ACT - EUROPEAN PARLIAMENT REPORT ON PUBLIC BROADCASTING: COMMERCIAL TV CALLS FOR MORE TRANSPARENC - November 26, 2010
from Joanna Chansel/ACT

The Association of Commercial Television in Europe (ACT) welcomes the adoption of the non-binding, own-initiative resolution based on a report by Ivo Belet MEP on “Public service broadcasting in the digital era: the future of the dual system”. The co-existence of public and commercial broadcasters has so far ensured a great variety of choice to European citizens as well as the freedom of expression European media need in today’s challenging environment. The current process of digitisation has presented new opportunities, as well as challenges, for the media sector. All players should be able to compete equally.

Ross Biggam, ACT Director General, commented: “The European Parliament report is a useful contribution to a long-overdue debate which is taking place across Europe: what is the appropriate level of state intervention in digital media markets? As the MEPs rightly point out, these are very different national debates, rather than a single European one.”

Unfortunately, Europe’s publicly-funded broadcasters appear to have failed to disclose to Members of the European Parliament one key piece of information, namely the amount of state aid which is poured into publicly-funded broadcasters annually across Europe.

Victor Castro Rosa, Chairman of the ACT Working Group on State Aid, added: “Independent industry sources usually estimate the total amount of state aid received by publicly-funded broadcasters to be around €25 billion per year, making them among the largest recipients of state aid in the EU. But without any transparency on the effective amount of funding– no evidence of any so-called underfinancing is included or even referred to in the Parliament’s report – any debate around state aid for broadcasting will always be incomplete.”

In fact, such a generous, albeit imprecise, level of State funding – which may even be on the increase in some markets – should be enough to reassure politicians that there is no prospect of state-funded broadcasting disappearing from the European media scene. Indeed, the European Commission has had to intervene, in the 2009 State Aid & Broadcasting Communication, to ensure that there is independent ex-ante scrutiny of new media ventures funded by state aid. This obligation has yet to be fulfilled in a number of Member States.

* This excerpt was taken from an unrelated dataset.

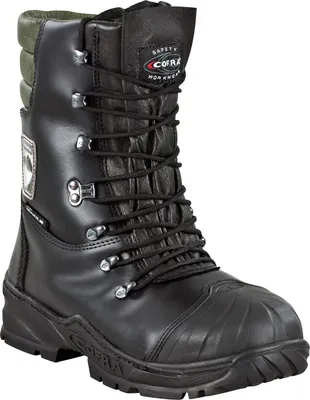 Produktbild von Cofra Schnittschutzstiefel Power nach EN ISO 17249:2013 Klasse 2 schwarz  Größe 45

Ultimately, the future of public sector broadcasters lies in their own hands. Those public broadcasters who are prepared to be distinctive from the market, to take risks in programming rather than to imitate the successes of the commercial sector will surely enjoy political and popular support. But those who merely replicate what is already available – and this problem is particularly acute when publicly-funded broadcasters are not excluded from the TV advertising market – may find it increasingly difficult to justify funding from the taxpayer. In Ireland, France, Croatia and Portugal, to name a just few, studies and reports have demonstrated the existence of a distorted market for commercial broadcasters with publicly-funded broadcasters using governments’ funds to buy rights to commercial programming such as sport, imported series and reality-TV shows, in order to compete aggressively for high audience shares.